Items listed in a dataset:
'''

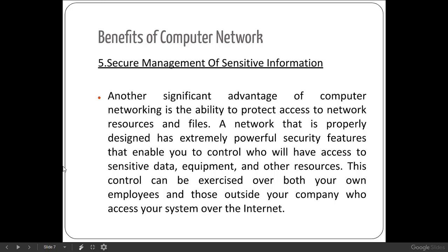The fifth benefit is secure management of sensitive information. We can always assign privileges like read-only or hidden access, or password-protect data, providing a variety of access controls to safeguard our equipment. A properly designed network has extremely powerful security features that enable you to control who has access to sensitive data, equipment, and other resources — exercised over both your own employees and those outside your company who access your system over the internet.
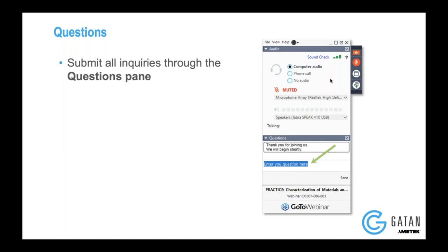All right, I think that's it for the questions that came in. Thank you very much, Sandhya, for the great talk and the wonderful data that you've presented. This is really great work. Thank you. Bye-bye.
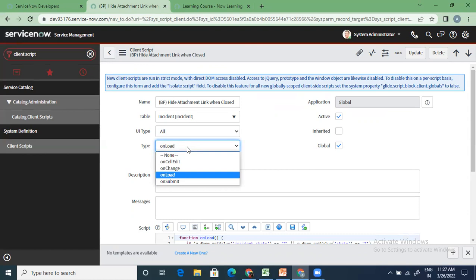This is also an interview question and exam question: what types of client scripts do you have? There are four: on-cell edit, on-change, on-load, and on-submit. Some of them are quite self-explanatory. On-submit: when I'm submitting a record on a form, I want to validate whether I have filled in the right information before submitting. So on those cases where you want to validate data before submitting, you use on-submit client script.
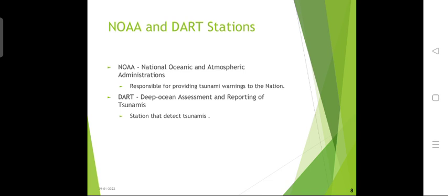Here you will see NOAA and DART. NOAA stands for the National Oceanic and Atmospheric Administration. It works to understand and predict changes in climate, weather, oceans, and coasts, to conserve and manage coastal and marine ecosystems and resources, and is responsible for providing tsunami warnings to nations. DART stands for Deep Ocean Assessment and Reporting of Tsunamis. It is a real-time tsunami monitoring system developed by PMEL, designed to sense pressure changes at the bottom of the ocean caused by a passing tsunami and to communicate these changes to tsunami warning centers.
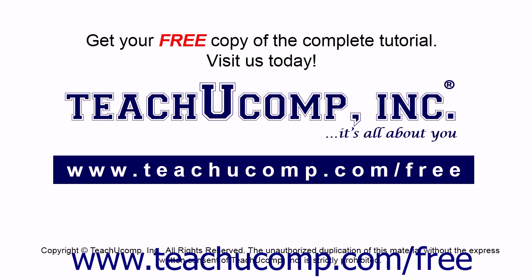Get your free copy of the complete tutorial at www.teachyoucomp.com/free.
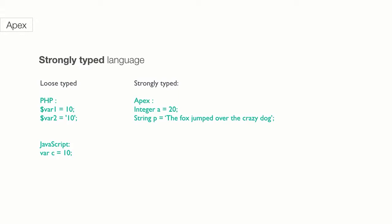For example, in PHP or JavaScript you can just declare variables without mentioning the data type. However, in a strongly typed language like APEX, you also mention the data type. Here we are specifying that A is a variable that is of integer data type and P is a variable that is of string data type.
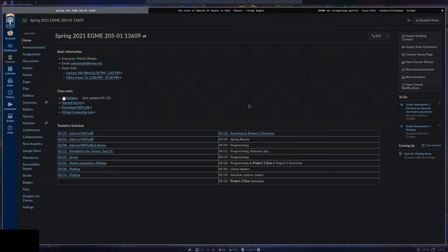On Monday there was an issue with our quiz where I tried extending the time but Canvas didn't actually extend it, so the quiz closed earlier than I wanted. I'll give you the option of either having me grade the quiz from Monday or taking today's quiz. Today's quiz is going to be very similar — I really just changed some numbers.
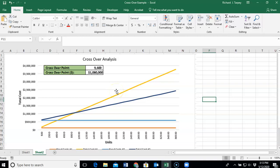Greetings students, this is Dr. Tarpey. This video is intended to provide you some information and an example for working the crossover analysis that is associated with your Cocoa Price Sensitivity Analysis exercise.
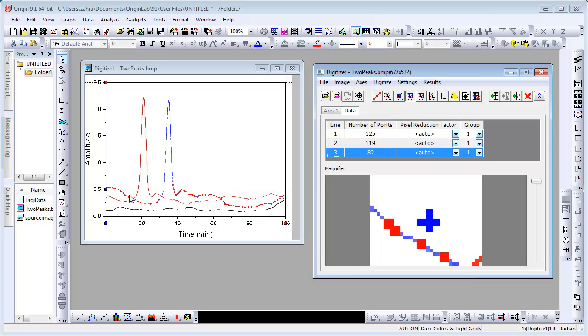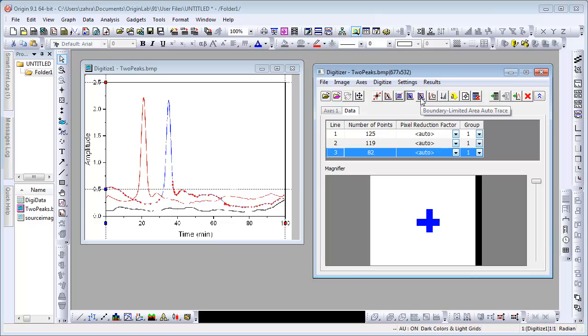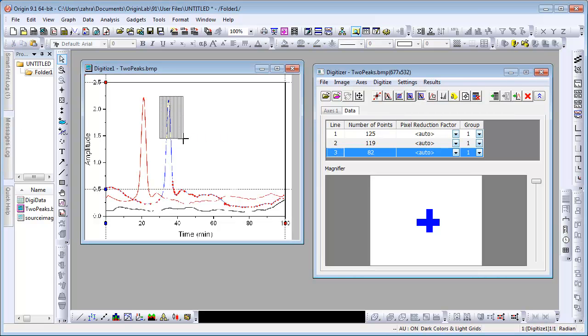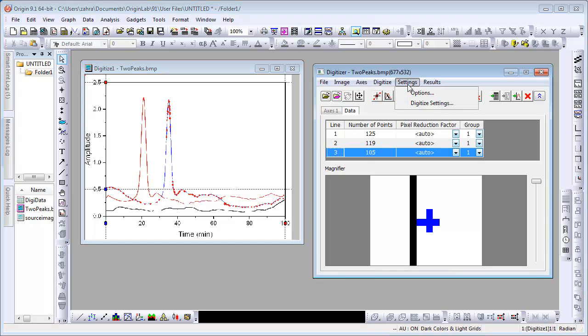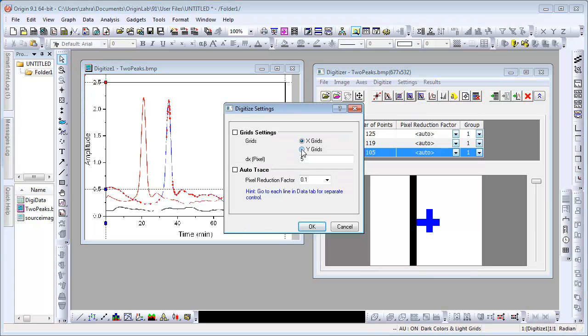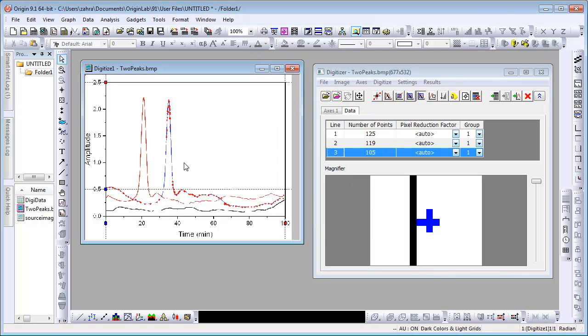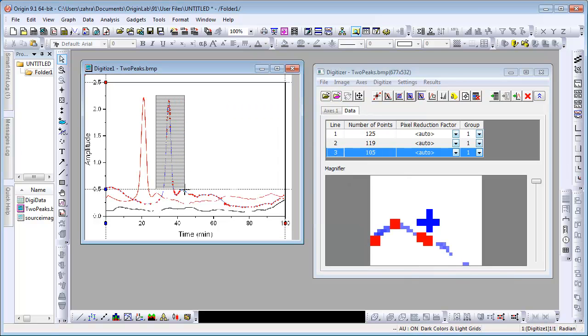This method is a hybrid of the previous two methods so points will be captured within the rectangle and along the rest of the curve. The last method, the Boundary Limited Area Auto-Trace method, is different since points are collected only within the rectangle. This method is also different from Area Auto-Pick Points by Grid since points are not collected just where the grids intersect with the image but also in between. Here we can see that the grid orientation is not optimal so under Settings, Digitize Settings, we change it to Y. Click OK and finish digitizing the rest of the blue curve.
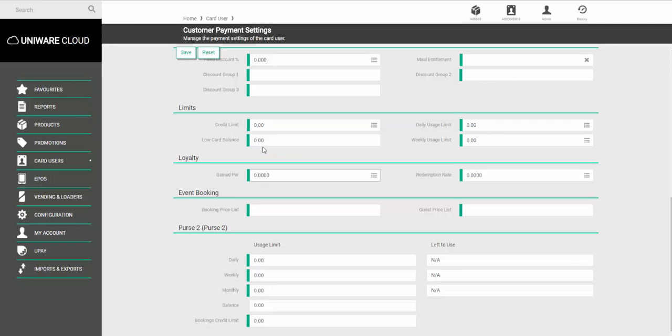So, for example, if they need to spend £1 to gain a point, set it as 1.00.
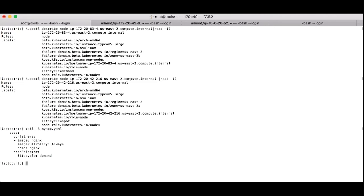There's also a label that I've set here called lifecycle. I've set that for the top node to be demand, and for the bottom node I've set it to be spot.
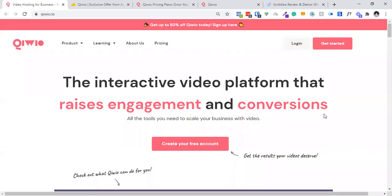If you are someone who is constantly looking for a video hosting platform, then you are at the right place. Today in this screencast video I will be reviewing Quickio.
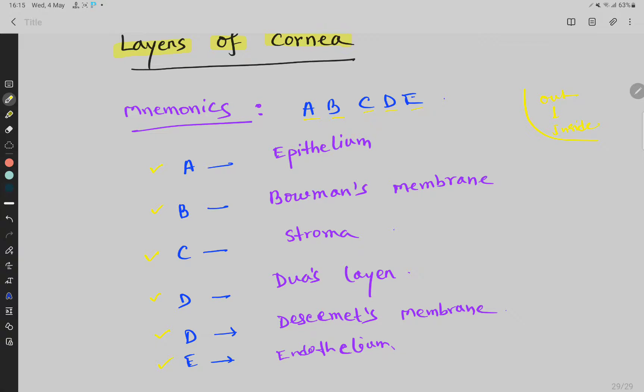So the layers are: A for epithelium, B for Bowman's membrane, C for stroma, D for Dua's layer, D for Descemet's membrane, and E for endothelium.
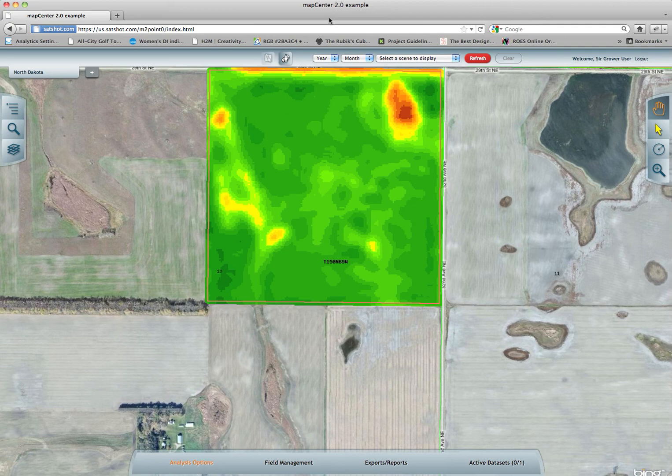Hello and welcome to another MapCenter 2.0 video tutorial. This is the second part of a two-part series with analysis from start to finish and precision ag that follows. I have reloaded the dataset that I originally used from the last tutorial, and I'm going to quickly run through each of the different types of precision ag tools that are available.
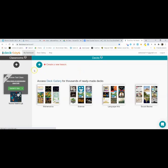A couple of features here: at the top there's My Dashboard — that's all your stuff. There's something called Deck Gallery, which I'll get into towards the end of the video. That's basically a collection of teacher-made, already-made decks that I found useful and helpful.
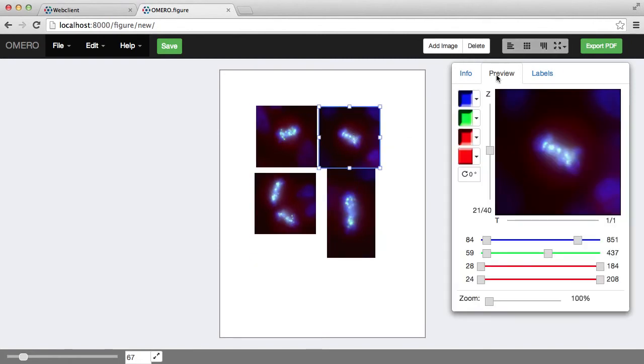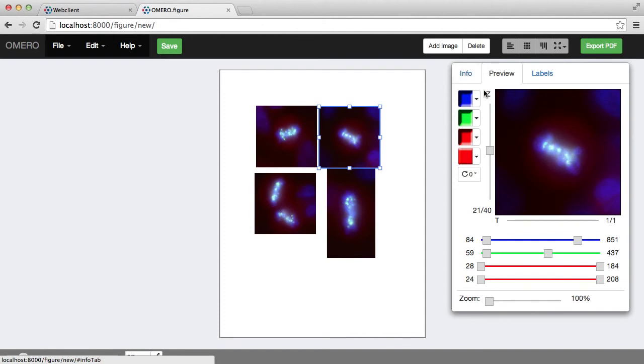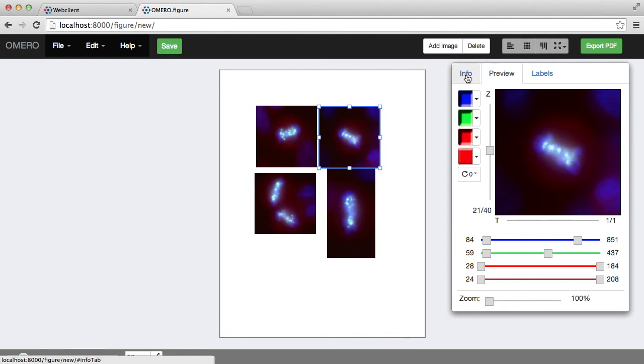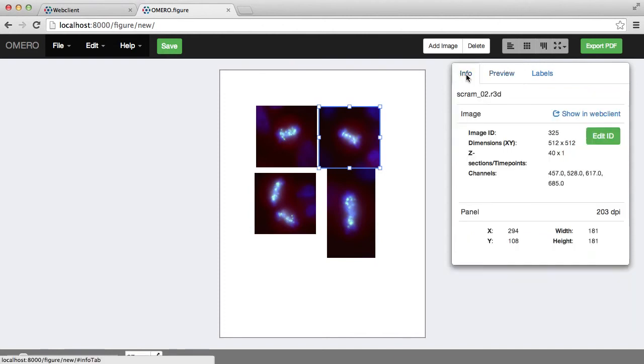Selected images are shown to the right here in these panels where I can do a lot of other edits. There's three panels here: the preview one which allows me to edit the image panel itself. The info just has additional information about the image.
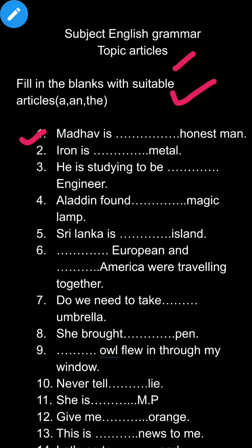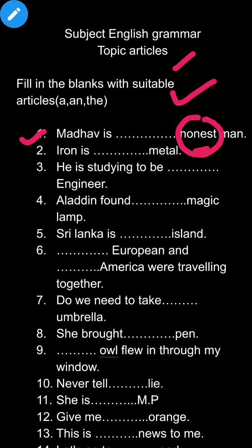So the first sentence is: Madhavish dash honest man. How can you apply a, an, and the in this sentence? First of all, look at the word 'honest' — it starts with a vowel sound, so you fill in 'an' here.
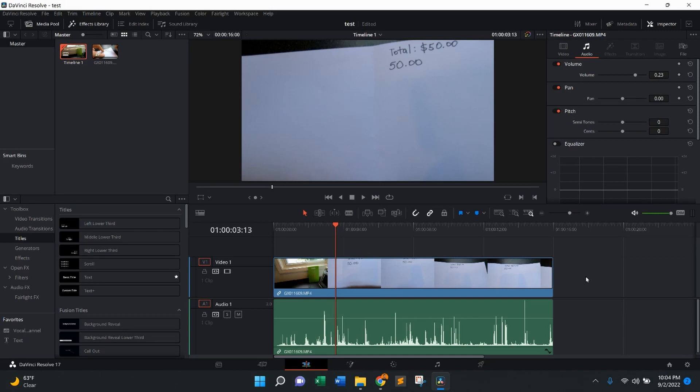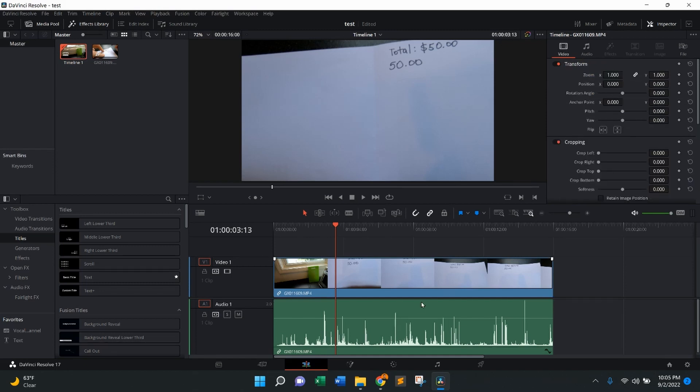So as you can see, I already have a clip here in the timeline, and you'll see the audio right down here in the green section. So the first thing we're going to do is press down here, left click, right on the green section, and that's going to highlight everything in red.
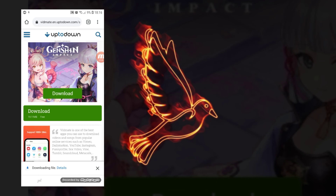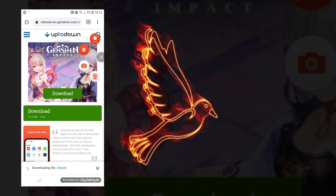And there it goes — Bitmate has downloaded. Thank you very much for watching this video to the end. If you're new to this channel, please don't forget to subscribe. Thank you very much, good day my friends — peace!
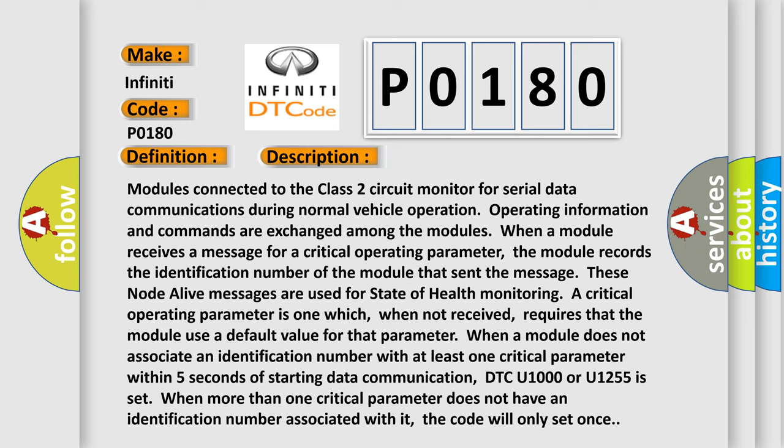When more than one critical parameter does not have an identification number associated with it, the code will only set once.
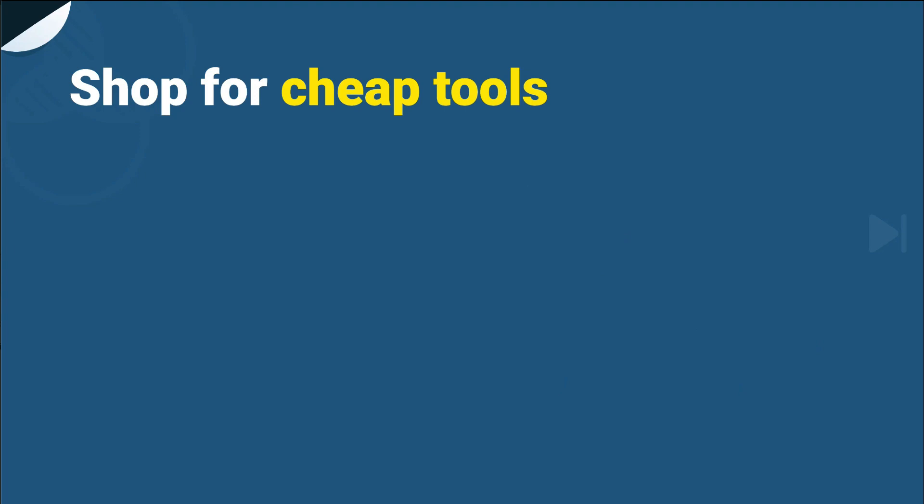Do not expect to buy the most expensive solution. If anything, you should be looking to use tools you already have in-house or tools where there's no upfront cost involved. This is a grudge purchase rather than an opportunity to splurge cash.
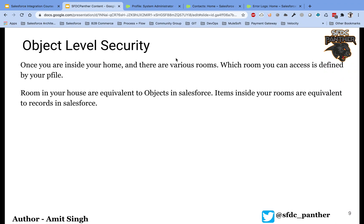Hey everyone, welcome back to my channel SFDC Panther. This is Amit and in this video we are going to talk about object level security. In our earlier video we talked about organization level security and what happens behind the scene when you try to log in using a user interface or any external service provider or identity provider.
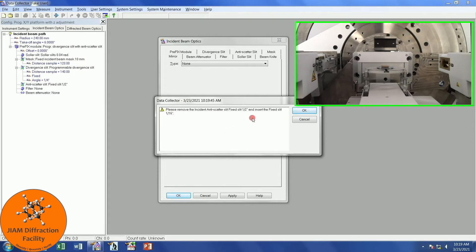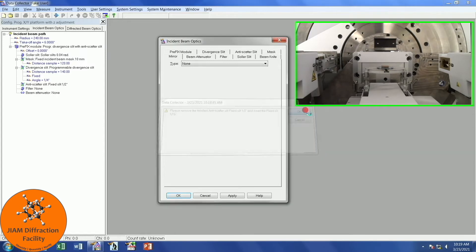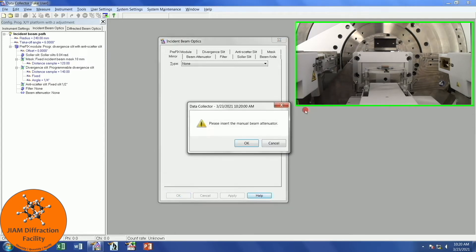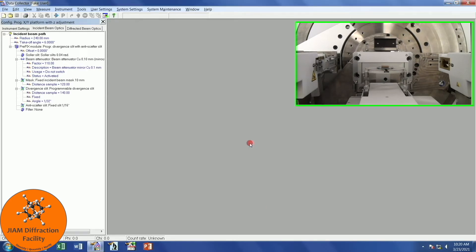This window just tells me to make the physical changes in the system that I said I did in these tabs. I changed this so I can left-click OK. Because it is so important that you insert the beam attenuator, it is reminding me to do that in a separate window. As long as you have done this, you can go ahead and click OK, but make sure you put the attenuator in. I can't stress that enough.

'''

Work to complete: What is needed is an exact copy of only the lines above from the one with "There's also a" to the one with "So the layers", both kept, with every picture left out.

Your response:
There's also a label that I've set here called lifecycle. I've set that for the top node to be demand, and for the bottom node I've set it to be spot.
If you are someone who is constantly looking for a video hosting platform, then you are at the right place. Today in this screencast video I will be reviewing Quickio.
So the layers are: A for epithelium, B for Bowman's membrane, C for stroma, D for Dua's layer, D for Descemet's membrane, and E for endothelium.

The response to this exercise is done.